Design note: the API server owns the TenantIndexes; the query DSL's executor keeps its own (currently unused) shared index, so DSL search() is not yet tenant-scoped. Tenant-aware DSL search is a follow-up that requires threading tenant context through the executor. For now, callers of DSL search() are internal/trusted.
func NewTenantIndexes ¶
func NewTenantIndexes(gs *storage.GraphStorage) *TenantIndexes
NewTenantIndexes returns an empty TenantIndexes backed by gs.
func (*TenantIndexes) Get ¶
func (ti *TenantIndexes) Get(tenantID string) *FullTextIndex
Get returns the FullTextIndex for tenantID, constructing one lazily on first access. Safe for concurrent use. The returned index is populated only after IndexForTenant has been called for this tenant.
func (*TenantIndexes) IndexForTenant ¶
func (ti *TenantIndexes) IndexForTenant(tenantID string, labels, properties []string) error
IndexForTenant builds (or rebuilds) the index for tenantID from nodes that match the given labels AND belong to that tenant. Cross-tenant nodes are never passed to the index because the caller uses the tenant-scoped storage accessor.
func (*TenantIndexes) Tenants ¶
func (ti *TenantIndexes) Tenants() []string
Tenants returns the IDs of tenants that currently have an index (whether populated or just touched via Get). Order is unspecified.
type TenantLSAIndexes ¶
type TenantLSAIndexes struct {
// contains filtered or unexported fields
}
TenantLSAIndexes holds a per-tenant LSAIndex. Unlike TenantIndexes (which lazily constructs an empty FullTextIndex on first Get), LSA indexes require an expensive SVD build up front — so callers are expected to build explicitly via BuildLSAIndex and register the result via Set. Get returns nil for tenants that haven't been registered, signaling "no semantic search available for this tenant yet" to callers; the /hybrid-search handler uses this to degrade gracefully to a pure-FTS response.
Not coupled to storage — LSA builds take a []Document that the caller is responsible for gathering (from any source, scoped by whatever means). This keeps the tenant scoping concern at the build-time layer, not inside this map.
func NewTenantLSAIndexes ¶
func NewTenantLSAIndexes() *TenantLSAIndexes
NewTenantLSAIndexes returns an empty per-tenant LSA registry.

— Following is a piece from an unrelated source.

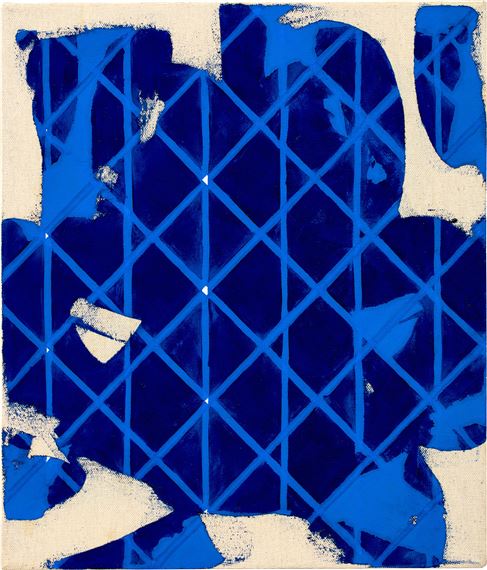Blue Lines by Zak Prekop, 2011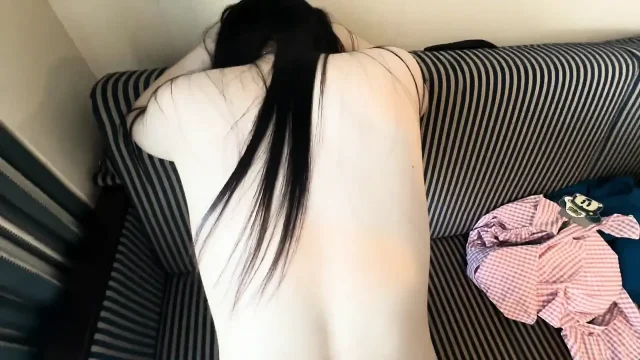 Chinese Stud Yummy Jimmy Fucks Stripper on Cruiseship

func (*TenantLSAIndexes) Get ¶
func (tli *TenantLSAIndexes) Get(tenantID string) *LSAIndex
Get returns the LSA index registered for tenantID, or nil if none has been registered. Callers MUST nil-check; the zero value is a deliberate signal ("LSA not available for this tenant").
func (*TenantLSAIndexes) LoadAll ¶
func (tli *TenantLSAIndexes) LoadAll(dir string) error
LoadAll reads every <tenantID>.lsa file in dir and registers each with the receiver. A missing dir returns nil (treat as "no snapshots yet") rather than an error — fresh deployments would otherwise fail to boot. Per-tenant decode failures are logged via the returned aggregate error but do not block other tenants from loading.
File-naming convention: filename stem is the tenant ID after the same sanitization SaveAll applies. Files whose stem doesn't survive round-trip sanitization are silently ignored (defense against hand-edited or attacker-planted files with traversal-like names).
func (*TenantLSAIndexes) SaveAll ¶
func (tli *TenantLSAIndexes) SaveAll(dir string) error
SaveAll writes every tenant's LSA index to dir/<tenantID>.lsa. Tenants with no registered index are skipped (no file written, no error). Errors per tenant are returned as a single aggregate; one tenant's failure doesn't block others. Holds the registry's read lock for the duration so a concurrent Set() can't race a snapshot mid-write — the in-memory map is read once, then file I/O happens unlocked per tenant.
func (*TenantLSAIndexes) Set ¶
func (tli *TenantLSAIndexes) Set(tenantID string, idx *LSAIndex)
Set registers idx as the LSA index for tenantID. A subsequent Set for the same tenantID replaces the prior index (supports rebuild). Set(tenantID, nil) removes the entry so callers can explicitly revoke LSA for a tenant (e.g. during corpus wipe).
func (*TenantLSAIndexes) Tenants ¶
func (tli *TenantLSAIndexes) Tenants() []string
Tenants returns the IDs of tenants with a registered LSA index. Order is unspecified.